第53話 背後の女騎士は警戒中!

「助けてくれて、ありがとう。私はクイーンと言う」


「あ、初めまして…………ユ、ユミナと申します」


 クイーンさんは顎に手を置き、クスクス微笑む。

「そんなに畏まることはないよ」


「すみません、私……人見知りで」

 やっぱり初めて会う人に対しては現実でもゲームでも慣れない。そう、慣れないんだ。でも......

 なんだろう。初めて会った気がしない。

 と、とりあえず何か言わないと。静寂の空間は落ち着かない。



「えっと、大丈夫ですか? 急に倒れてビックリしました」


「アハハ、すまない。道に迷ったことと状態異常になってしまって」


 まさか、過去に一度進んで以来のこの場所に別ステージがあるとは思わなかった。初めて遭遇する敵の攻撃を喰らってしまい、火傷・軽い麻痺・毒・腕の一部が凍傷の状態異常のフルコースを受けてしまい、そのまま倒れてしまった。


 全く情けない。もしもここにヴェインがいれば腹を抱えて爆笑していたかもしれない。



「状態異常は私が解除しましたので、もう大丈夫ですよ」


 私が受けたのはそこそこに上位の状態異常攻撃になっていた。序盤のモンスターが繰り出す状態異常攻撃なら持っている回復アイテムだけで事足りる。


 この森で出くわしたモンスターが放った攻撃はどれも強力で持っていた回復アイテムでは焼け石に水だった。





 それをこの桃髪の女の子は簡単に解除してくれた。中々に”できる”プレイヤーだと感じた。

 あのアホヴェインはユミナの後ろにいる女騎士にご執心だけど、私は目の前にいるユミナが少々、気になっている。


 防具類は序盤って位のレア度。でも、持っている武器が釣り合わない。おそらく神々しい杖の性能のおかげで私の状態異常が治ったと考えている。
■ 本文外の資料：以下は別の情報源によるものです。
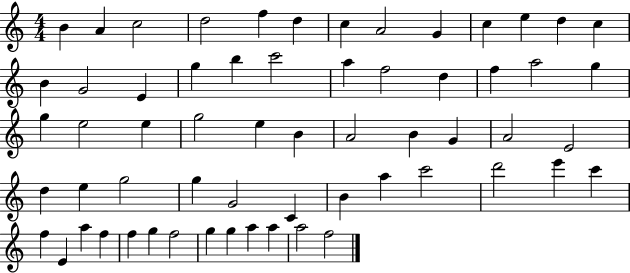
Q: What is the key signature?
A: C major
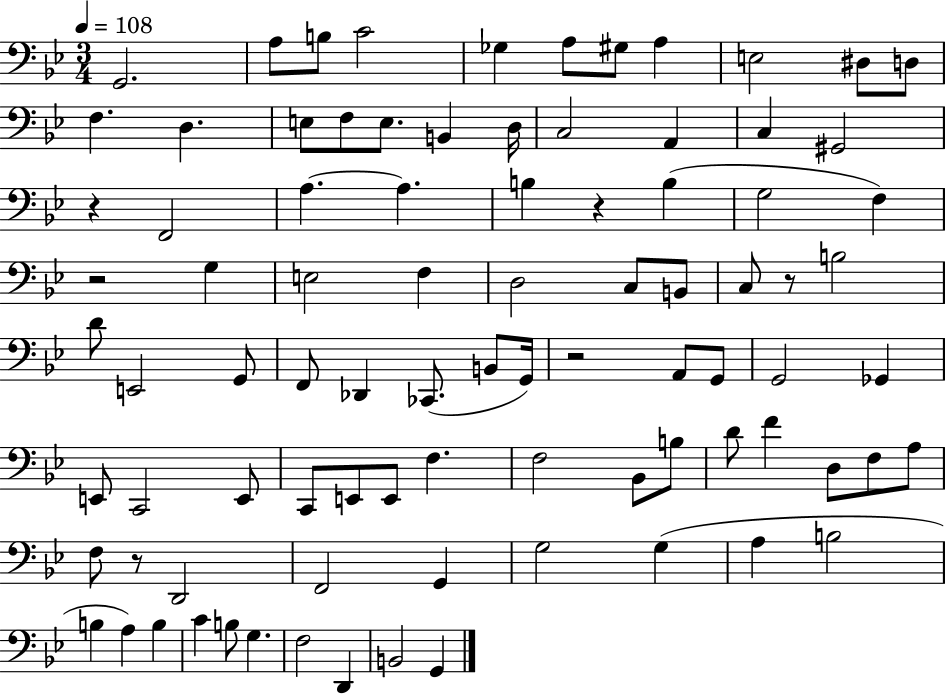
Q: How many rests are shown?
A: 6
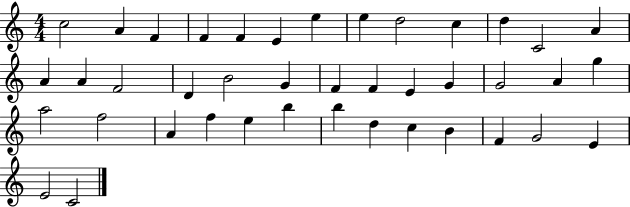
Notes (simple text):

C5/h A4/q F4/q F4/q F4/q E4/q E5/q E5/q D5/h C5/q D5/q C4/h A4/q A4/q A4/q F4/h D4/q B4/h G4/q F4/q F4/q E4/q G4/q G4/h A4/q G5/q A5/h F5/h A4/q F5/q E5/q B5/q B5/q D5/q C5/q B4/q F4/q G4/h E4/q E4/h C4/h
「で、早速本題に移るんですが……ここで何をやってなんですか?」


 当然の反応。街やその周辺で遭遇するなら単なる偶然で済む。が、今私たちがいるのは森の最奥。出会うこと事態、奇跡に近い。



 ここは変な例え話とかでお茶を濁す手も勿論、ある。しかし、このユミナと名乗るプレイヤーの背後にいる人物からの濃度の高い威圧が私にのしかかる。



 ヴェインの目的の人物が私の目の前にいるのは朗報。初めてその素顔を見たときには女として負けたと感じた。ゲームの一キャラに対して何言ってるんだと思うが、それだけの美貌を女騎士は持っている。



 それとは裏腹に目の前の女騎士は危険人物でもあった。